Extracted records>
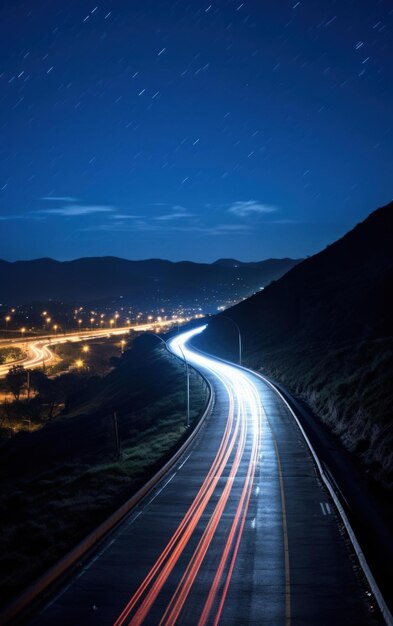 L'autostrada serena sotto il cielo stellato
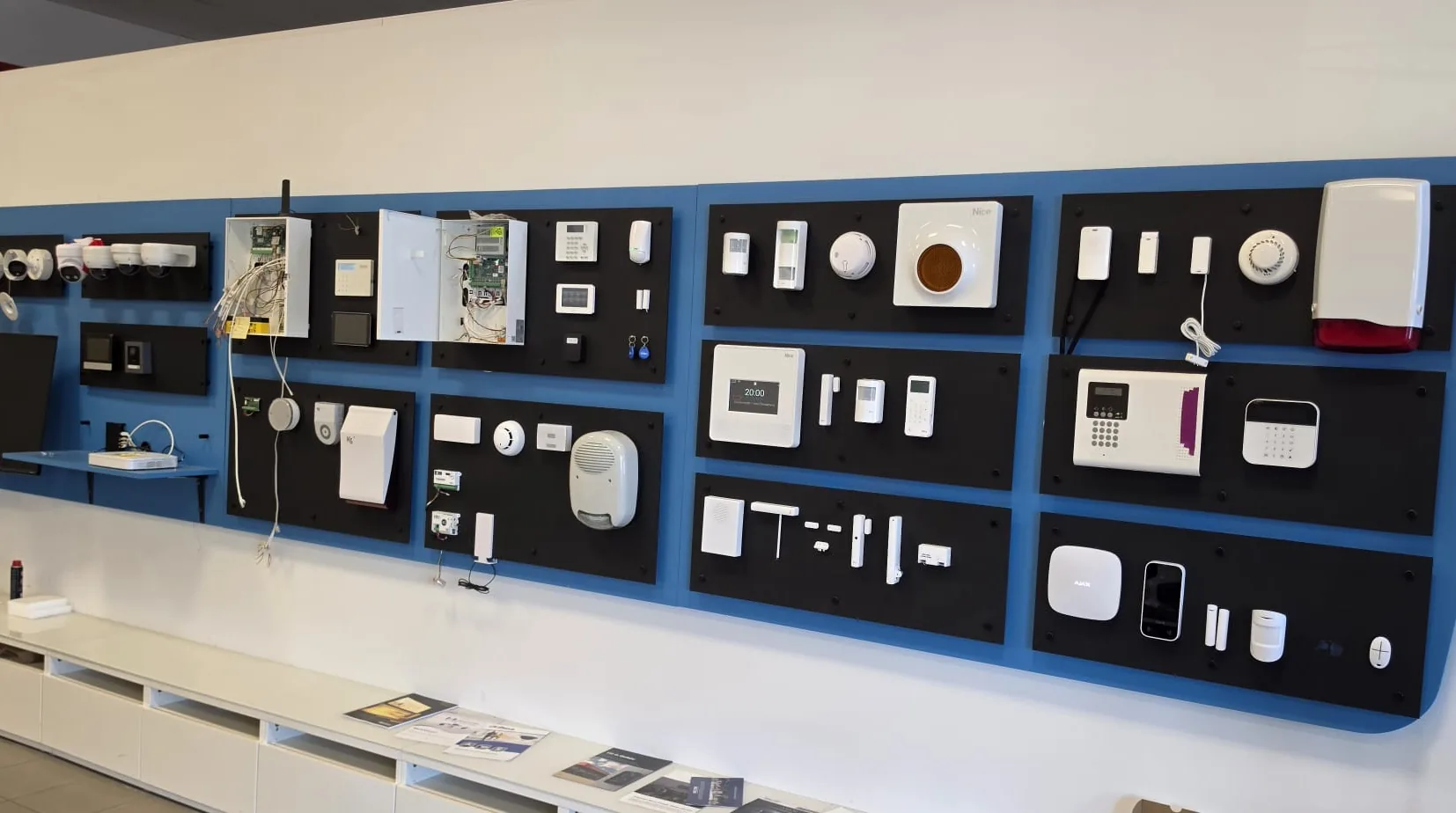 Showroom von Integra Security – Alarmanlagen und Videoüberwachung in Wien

---

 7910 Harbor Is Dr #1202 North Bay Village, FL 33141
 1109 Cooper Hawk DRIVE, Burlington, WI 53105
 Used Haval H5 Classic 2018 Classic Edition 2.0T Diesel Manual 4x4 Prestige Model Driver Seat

Work to complete>
Write back word for word every line in the entries above from the one with "L'autostrada serena sotto il cielo stellato" to the one with "Showroom von Integra", ends included, and none of the pictures.

Response box>
 L'autostrada serena sotto il cielo stellato
 Showroom von Integra Security – Alarmanlagen und Videoüberwachung in Wien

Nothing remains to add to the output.